In the wake of recent Senate action to restore the Senate practice that the president’s nominees receive an up-or-down vote, there has been a great deal of hyperventilating about whether the rules change is consistent with the intent of the Founders and what it means for the future of the Senate.

Some have called it “tyranny.” Others, a “naked power grab.”

In reality, the action taken is consistent with both the Constitution and the Senate rules and two centuries of Senate tradition, and is fully aligned with the intent of the Founders as well.

Both Alexander Hamilton and James Madison indicated in the Federalist Papers a clear belief in majority rule, with Hamilton stating that “the fundamental maxim of republican government ... requires that the sense of the majority should prevail.” Nonetheless, the Founders left the matter of House and Senate procedure undetermined in the Constitution, choosing instead to let Congress determine its own rules.

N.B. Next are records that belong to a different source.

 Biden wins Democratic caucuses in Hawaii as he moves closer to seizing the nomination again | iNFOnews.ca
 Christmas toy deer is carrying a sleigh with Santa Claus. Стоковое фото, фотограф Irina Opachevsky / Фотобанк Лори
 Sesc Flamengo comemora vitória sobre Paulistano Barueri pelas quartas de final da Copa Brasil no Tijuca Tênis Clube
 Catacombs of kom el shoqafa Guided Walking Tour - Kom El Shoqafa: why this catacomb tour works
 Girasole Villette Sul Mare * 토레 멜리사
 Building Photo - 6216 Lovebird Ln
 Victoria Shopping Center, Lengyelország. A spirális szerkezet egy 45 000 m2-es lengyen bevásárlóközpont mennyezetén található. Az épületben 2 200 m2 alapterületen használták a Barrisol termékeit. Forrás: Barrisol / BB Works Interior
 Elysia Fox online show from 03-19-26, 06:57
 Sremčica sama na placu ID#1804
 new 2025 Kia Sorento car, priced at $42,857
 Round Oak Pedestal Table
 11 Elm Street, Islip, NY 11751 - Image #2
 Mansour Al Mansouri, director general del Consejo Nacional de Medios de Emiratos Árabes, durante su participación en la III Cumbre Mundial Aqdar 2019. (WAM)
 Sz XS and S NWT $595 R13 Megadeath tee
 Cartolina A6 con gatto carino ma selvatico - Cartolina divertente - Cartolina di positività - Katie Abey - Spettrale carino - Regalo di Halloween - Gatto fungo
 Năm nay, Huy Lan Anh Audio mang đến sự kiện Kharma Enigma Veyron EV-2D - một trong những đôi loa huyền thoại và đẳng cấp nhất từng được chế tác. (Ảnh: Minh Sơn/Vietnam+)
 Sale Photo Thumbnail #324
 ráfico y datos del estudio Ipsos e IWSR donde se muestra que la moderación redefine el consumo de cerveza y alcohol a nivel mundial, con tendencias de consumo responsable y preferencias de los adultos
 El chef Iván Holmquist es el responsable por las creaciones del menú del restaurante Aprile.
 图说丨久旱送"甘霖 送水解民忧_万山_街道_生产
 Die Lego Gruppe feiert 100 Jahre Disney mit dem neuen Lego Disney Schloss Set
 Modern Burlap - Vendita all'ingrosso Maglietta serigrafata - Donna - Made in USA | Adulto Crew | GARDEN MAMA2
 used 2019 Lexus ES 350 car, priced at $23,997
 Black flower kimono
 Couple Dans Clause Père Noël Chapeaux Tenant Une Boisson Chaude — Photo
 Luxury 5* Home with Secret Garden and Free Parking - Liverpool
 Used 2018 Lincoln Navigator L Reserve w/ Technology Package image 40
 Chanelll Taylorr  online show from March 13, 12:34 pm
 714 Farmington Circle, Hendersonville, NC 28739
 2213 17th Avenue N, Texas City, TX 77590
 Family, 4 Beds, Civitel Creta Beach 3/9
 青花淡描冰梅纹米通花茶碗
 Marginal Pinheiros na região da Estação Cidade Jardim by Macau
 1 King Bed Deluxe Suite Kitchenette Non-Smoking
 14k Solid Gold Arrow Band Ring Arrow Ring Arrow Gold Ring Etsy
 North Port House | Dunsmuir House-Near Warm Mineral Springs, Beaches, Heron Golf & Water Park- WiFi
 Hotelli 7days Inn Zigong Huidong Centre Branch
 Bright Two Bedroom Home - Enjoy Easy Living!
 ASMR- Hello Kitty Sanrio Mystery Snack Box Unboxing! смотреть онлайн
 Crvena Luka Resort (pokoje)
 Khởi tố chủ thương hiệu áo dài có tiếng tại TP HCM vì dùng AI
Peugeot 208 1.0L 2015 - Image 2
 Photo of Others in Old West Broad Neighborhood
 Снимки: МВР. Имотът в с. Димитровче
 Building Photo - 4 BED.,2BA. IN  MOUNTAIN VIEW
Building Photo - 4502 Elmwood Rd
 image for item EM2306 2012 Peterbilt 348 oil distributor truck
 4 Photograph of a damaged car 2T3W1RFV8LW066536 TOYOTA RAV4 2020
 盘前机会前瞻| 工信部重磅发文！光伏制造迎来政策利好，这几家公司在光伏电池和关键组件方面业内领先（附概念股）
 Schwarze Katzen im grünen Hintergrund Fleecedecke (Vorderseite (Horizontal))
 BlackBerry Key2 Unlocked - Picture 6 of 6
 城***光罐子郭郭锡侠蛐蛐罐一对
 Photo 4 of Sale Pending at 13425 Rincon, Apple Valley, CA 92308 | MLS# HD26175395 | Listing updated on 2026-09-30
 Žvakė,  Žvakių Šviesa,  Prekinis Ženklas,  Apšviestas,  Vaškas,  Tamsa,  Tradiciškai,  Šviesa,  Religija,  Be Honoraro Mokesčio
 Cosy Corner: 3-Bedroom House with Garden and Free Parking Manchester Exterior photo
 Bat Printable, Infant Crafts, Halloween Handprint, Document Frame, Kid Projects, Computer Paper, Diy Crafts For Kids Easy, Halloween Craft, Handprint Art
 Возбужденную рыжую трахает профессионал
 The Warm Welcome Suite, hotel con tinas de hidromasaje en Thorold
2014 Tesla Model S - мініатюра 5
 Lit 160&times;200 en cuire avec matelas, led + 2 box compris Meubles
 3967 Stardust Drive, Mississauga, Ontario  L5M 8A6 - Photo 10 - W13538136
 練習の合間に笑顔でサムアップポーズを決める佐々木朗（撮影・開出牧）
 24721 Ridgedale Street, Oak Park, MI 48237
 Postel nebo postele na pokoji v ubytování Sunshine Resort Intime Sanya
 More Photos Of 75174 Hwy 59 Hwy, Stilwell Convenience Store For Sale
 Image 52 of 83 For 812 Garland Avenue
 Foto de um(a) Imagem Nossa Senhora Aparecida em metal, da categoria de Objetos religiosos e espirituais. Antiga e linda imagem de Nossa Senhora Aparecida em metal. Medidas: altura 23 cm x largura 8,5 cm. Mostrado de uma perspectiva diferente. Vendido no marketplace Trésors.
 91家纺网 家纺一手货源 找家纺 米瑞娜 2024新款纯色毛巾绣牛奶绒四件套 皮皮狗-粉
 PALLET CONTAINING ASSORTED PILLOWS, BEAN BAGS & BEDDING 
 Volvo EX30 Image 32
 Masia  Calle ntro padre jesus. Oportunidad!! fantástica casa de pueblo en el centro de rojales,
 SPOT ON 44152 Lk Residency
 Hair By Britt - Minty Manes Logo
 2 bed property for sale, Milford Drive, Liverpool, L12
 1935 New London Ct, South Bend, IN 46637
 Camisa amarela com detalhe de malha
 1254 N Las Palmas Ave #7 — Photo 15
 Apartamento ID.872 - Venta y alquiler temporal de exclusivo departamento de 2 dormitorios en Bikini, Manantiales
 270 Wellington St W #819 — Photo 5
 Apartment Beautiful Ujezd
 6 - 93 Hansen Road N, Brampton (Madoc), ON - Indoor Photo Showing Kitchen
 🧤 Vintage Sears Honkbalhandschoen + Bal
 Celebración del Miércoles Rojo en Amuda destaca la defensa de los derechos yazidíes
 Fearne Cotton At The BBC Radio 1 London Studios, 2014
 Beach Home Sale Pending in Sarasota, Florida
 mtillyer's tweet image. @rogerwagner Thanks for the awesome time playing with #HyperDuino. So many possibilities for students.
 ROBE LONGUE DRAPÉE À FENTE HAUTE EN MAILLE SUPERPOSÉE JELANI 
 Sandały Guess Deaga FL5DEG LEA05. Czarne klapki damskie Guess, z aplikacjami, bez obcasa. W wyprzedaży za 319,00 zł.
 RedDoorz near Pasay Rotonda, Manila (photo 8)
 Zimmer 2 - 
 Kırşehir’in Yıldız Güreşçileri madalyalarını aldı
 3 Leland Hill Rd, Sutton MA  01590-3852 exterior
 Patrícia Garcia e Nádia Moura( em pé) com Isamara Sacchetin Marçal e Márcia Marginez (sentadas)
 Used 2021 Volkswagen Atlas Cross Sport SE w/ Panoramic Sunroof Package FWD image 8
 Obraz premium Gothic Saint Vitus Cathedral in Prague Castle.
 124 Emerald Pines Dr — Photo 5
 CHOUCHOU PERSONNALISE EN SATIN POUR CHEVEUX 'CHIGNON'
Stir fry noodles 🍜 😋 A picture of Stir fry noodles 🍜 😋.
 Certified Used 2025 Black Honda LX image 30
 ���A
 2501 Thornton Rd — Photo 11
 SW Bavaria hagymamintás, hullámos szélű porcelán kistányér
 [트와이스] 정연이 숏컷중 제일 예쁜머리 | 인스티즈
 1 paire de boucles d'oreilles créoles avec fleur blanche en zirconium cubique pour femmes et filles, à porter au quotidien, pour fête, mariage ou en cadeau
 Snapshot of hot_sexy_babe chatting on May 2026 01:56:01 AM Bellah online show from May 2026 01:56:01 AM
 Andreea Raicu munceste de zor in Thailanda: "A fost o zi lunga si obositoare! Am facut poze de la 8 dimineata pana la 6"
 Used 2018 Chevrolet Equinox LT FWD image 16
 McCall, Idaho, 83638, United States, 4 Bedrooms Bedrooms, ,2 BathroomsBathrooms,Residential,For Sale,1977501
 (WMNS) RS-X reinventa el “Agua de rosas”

Article I, section 5 of the Constitution, the Rules and Proceedings Clause, states that each House may determine the rules of its proceedings.


That is exactly what the Senate did. In fact, the original Senate rules placed no time limit on debate, but also allowed any senator to make a motion “for the previous question,” which permitted a simple majority to halt debate on the pending question and bring the matter to an immediate vote.

This motion for the previous question was eliminated in 1806, largely because it was deemed superfluous.

Even then, filibusters were hardly a defining part of the Senate. Across the entire 19th century, there were only 23 filibusters. And from 1917, when the Senate first adopted rules to end a filibuster, until 1969, there were fewer than 50, fewer than one per year.

Eliminating the filibuster on some nominations will not change the basic nature of the Senate as a legislative body. Nor will this latest reform turn the Senate into the House, as some have charged.

The Senate will continue to differ from the House in significant ways. Senators will continue to be elected every six years, rather than every two years as in the House. Senators from the smallest states will continue to have the same power as senators from the largest states. And the Senate will continue to operate in most instances based on unanimous consent, unlike the House.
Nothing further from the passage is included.